Jedna z pasażerek zaalarmowała dyrekcję Kolei Niemieckich, zwracając uwagę na bezpańską teczkę w wagonie bez przedziałów. Pani ta widziała jednocześnie "osoby wyglądające na Arabów". Dwugodzinna akcja policji została wstrzymana, kiedy zgłosił się właściciel teczki. Mężczyzna, który nie był wcale Arabem, trzymał w niej, jak poinformował rzecznik policji w Stendal, wyłącznie "przedmioty osobiste".

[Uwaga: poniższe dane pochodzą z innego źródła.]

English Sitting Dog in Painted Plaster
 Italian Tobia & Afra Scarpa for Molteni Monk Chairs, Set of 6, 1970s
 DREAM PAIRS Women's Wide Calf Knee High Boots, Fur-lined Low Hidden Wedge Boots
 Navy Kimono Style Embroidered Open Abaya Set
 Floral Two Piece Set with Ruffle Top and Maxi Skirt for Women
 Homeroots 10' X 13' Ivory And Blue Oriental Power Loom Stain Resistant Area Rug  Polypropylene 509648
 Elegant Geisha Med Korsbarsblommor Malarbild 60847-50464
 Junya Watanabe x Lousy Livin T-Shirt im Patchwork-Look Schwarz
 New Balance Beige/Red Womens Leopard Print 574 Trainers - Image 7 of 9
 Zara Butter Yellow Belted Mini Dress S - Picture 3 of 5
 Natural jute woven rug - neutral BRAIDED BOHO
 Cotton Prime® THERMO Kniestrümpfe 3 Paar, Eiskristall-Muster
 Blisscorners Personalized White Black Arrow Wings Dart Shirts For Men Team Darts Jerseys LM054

Teczka była "bezpańska", ponieważ właściciel udał się do toalety i nie od razu powrócił na zajmowane miejsce. Ekspres został zatrzymany na trasie między Stendal i Rathenow (Brandenburgia), a następnie przeszukany m.in. z użyciem psa, szkolonego w tropieniu materiałów wybuchowych. Podróżni musieli opuścić pociąg i przesiąść się do innego ekspresu Intercity.
Zdaniem rzecznika policji, sobotni incydent można tłumaczyć tym, że po ostatnich eksplozjach w Hiszpanii podróżni są szczególnie "wyczuleni" na groźbę zamachów bombowych.